Like all screens, this one doesn't outperform all the time. In fact, it may underform badly in the short to mid term.

For example, year to date performance:

AAII Piotroski High F-Score Screen: -35%
S&P 500: -7%

http://www.aaii.com/stock-screens/screendata/Piotroski

You need a strong understanding of how the score works. Without such understanding, you won't have the conviction to ride up and downs.


----------



## Xoron (Jun 22, 2010)

GoldStone said:


> Like all screens, this one doesn't outperform all the time. In fact, it may underform badly in the short to mid term.


100% agree. Most strategies will fail for short time frames, but can outperform over the longer term. Provided you can stick with it.


----------



## Rusty O'Toole (Feb 1, 2012)

It seems the F score finds some gems but finds a lot of duds too so the job is to pick out the good ones? Or do they all outperform eventually, so you add to the klunkers as the go down, knowing they will come back?

How do you use it, what other criteria do you use, and what are your results so far? For those who have bought stocks using this method.


----------



## Rusty O'Toole (Feb 1, 2012)

In his paper he suggests buying the high scorers and shorting the low scorers. In a year like this one perhaps the shorts would out perform the longs and give a better overall result?


----------



## Xoron (Jun 22, 2010)

Rusty O'Toole said:


> How do you use it, what other criteria do you use, and what are your results so far? For those who have bought stocks using this method.


My method is to look at all the 8 and 9 score stocks. Get the P/E, P/B, P/S, Div, Div P/O Ratio and Market Cap.

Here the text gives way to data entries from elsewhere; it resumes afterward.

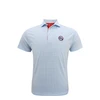 Ole Miss SIP Medallions Polo - White with Powder Blue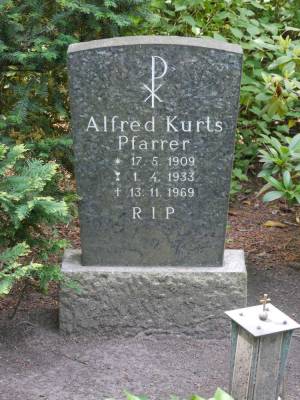 Grabstätte von Alfred Kurts auf dem Sankt-Matthias-Friedhof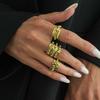 Retro, Vintage, Personalized, Trendy Geometric Open Ring, Irregular and Versatile Ring Set
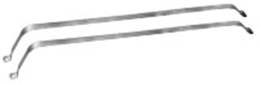 1973-76 GAS TANK STRAPS (ex. wagon) (pr)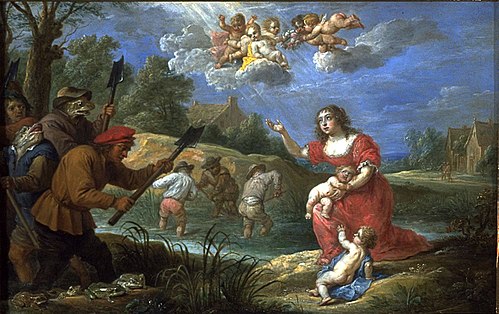 Latona and the Frogs, 1640, David Teniers le Jeune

First I only look at stocks with market cap of 100M or more (for Canadian Stocks). Next, I throw away any that have high P/E (20+) High P/B and P/S (2-3+) and high Div P/O Ratio (+80%). 

The rest I look at and see what looks good. 

Every few weeks or so, I check the holdings I have and if they've fundamentally changed, consider selling or adding more (if they are still a 8 or 9)


----------



## leslie (May 25, 2009)

I read the orginal paper. IMO the most important take-away was that it was only the MEAN that outperformed. The MEDIAN stock underperformed. So ..
You cannot stock-pick and expect this to work.
You must rely on the large number of stocks in the tested portfolios to include the few stocks that are the big winners.


----------



## Xoron (Jun 22, 2010)

leslie said:


> I read the orginal paper. IMO the most important take-away was that it was only the MEAN that outperformed. The MEDIAN stock underperformed. So ..
> You cannot stock-pick and expect this to work.
> You must rely on the large number of stocks in the tested portfolios to include the few stocks that are the big winners.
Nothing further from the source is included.